= H-dagurinn =

Day Iceland changed from left hand to right hand traffic (26 May 1968)

H-dagurinn or Hægri dagurinn (lit. 'The right day') on 26 May 1968 was the day that Iceland changed from left hand traffic to right hand traffic. The change itself occurred formally at 6:00 am.

==History==
Although Iceland had been ruled by Denmark, which officially adopted driving on the right in 1793, it had continued to drive on the left; a plan to switch to right-hand traffic was interrupted by World War II, when the country was under British military occupation, as military traffic was greater than that of civilians.

Iceland's parliament (Alþingi) made the following demand of the government on 13 May 1964: "Alþingi urges the government to initiate as soon as possible research into how best to move the traffic to the right hand side of the road."

A law was passed in 1965, under which the country would change to driving on the right in 1968. The decision by Sweden to change to right hand traffic in 1967, bringing it into line with other Nordic countries, also influenced Iceland's decision. In addition, Iceland was hosting an increased number of visitors from the United States and mainland Europe.

The Traffic Commission (Umferðarnefnd) was assigned to handle the task. The cost of the change amounted to over 33 million kronur for modifications to buses and 12 million kronur for changes to infrastructure.
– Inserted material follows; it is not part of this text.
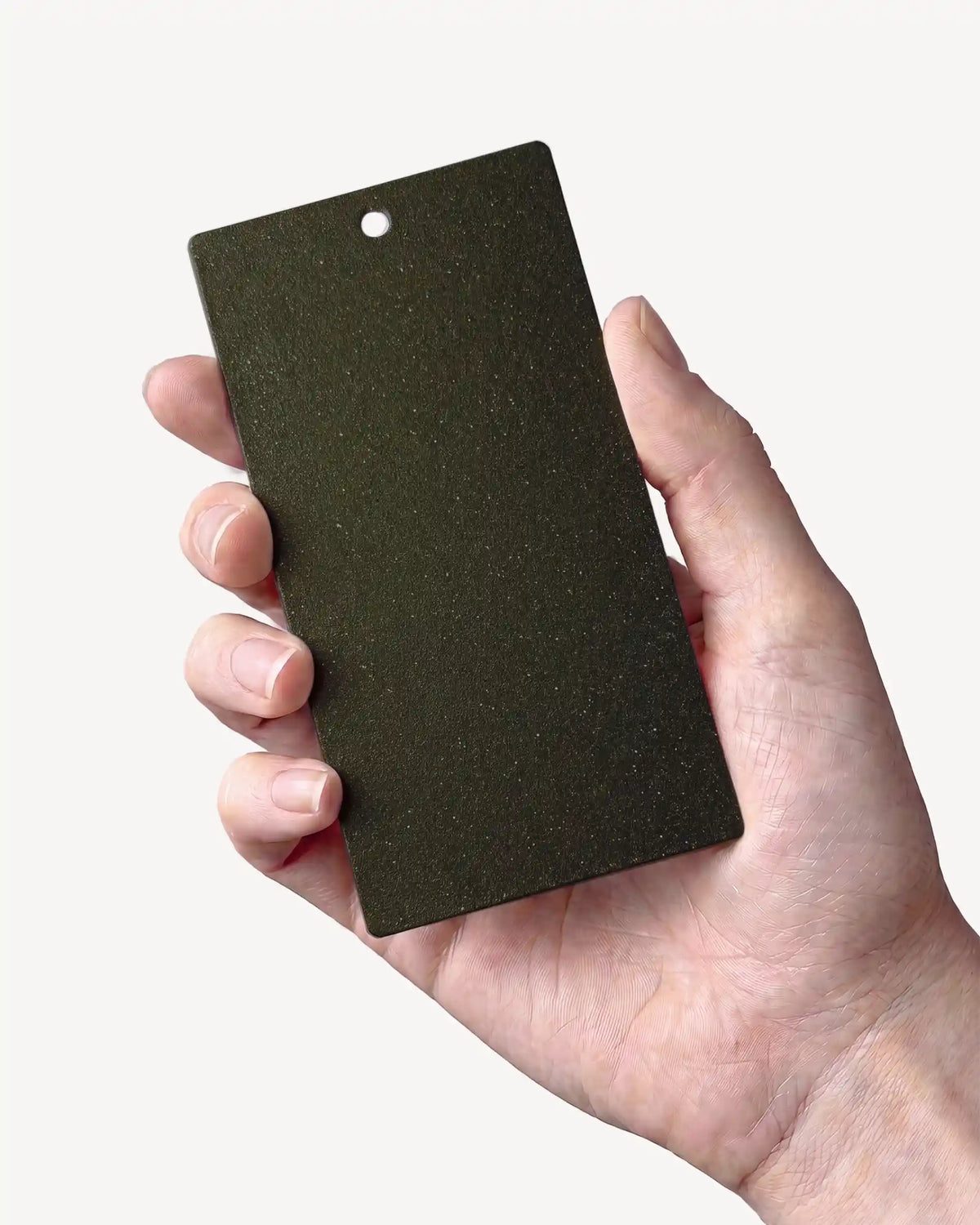 Mano che tiene un campione colore Verde oliva PILOTIS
During the night before the change 1662 signs all over the country were changed, making the total of signs changed 5727.

The only injury from the changeover was a boy on a bicycle who broke his leg.

Traffic accident rates briefly dropped as drivers overcompensated for the increased risk from driving on the unfamiliar side of the road, before returning to the level following the trend prior to the changeover.